Prova do Enem 2022 será reaplicada terça e quarta-feiraFoto: Divulgação

As inscrições para o Exame Nacional do Ensino Médio terminam hoje, sexta-feira, dia 16, às 23h59, após um apelo do presidente Lula nesta semana para que os estudantes participem do processo seletivo.

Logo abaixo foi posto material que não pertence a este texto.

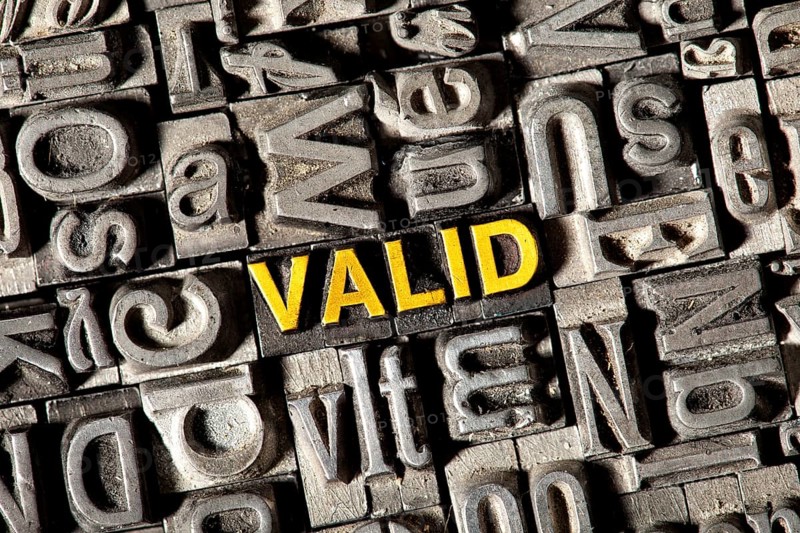 Old lead letters forming the word Valid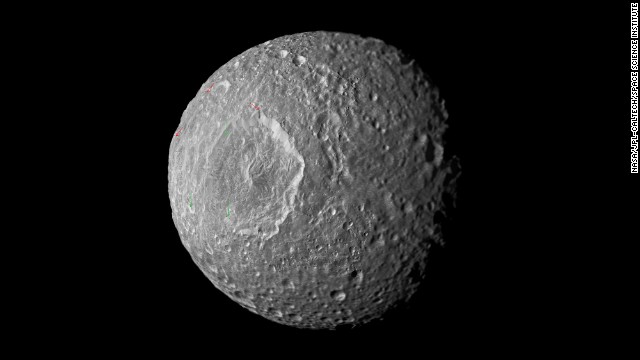This mosaic of Saturn&#39;s moon Mimas was created from images taken by NASA&#39;s Cassini spacecraft during its closest flyby of the moon in February 2010. A new study suggests that the moon is either shaped like a football or it contains a liquid water ocean.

Um estudo recém-publicado de pesquisadores da UFRJ, com o apoio do Instituto Unibanco, mostra que, após leve crescimento de 2013 a 2016, as taxas de inscrição e a participação dos jovens no exame têm caído de maneira continuada, representando a maior crise da história da prova.

Essa queda atingiu justamente o público-alvo do Enem: os alunos mais vulneráveis.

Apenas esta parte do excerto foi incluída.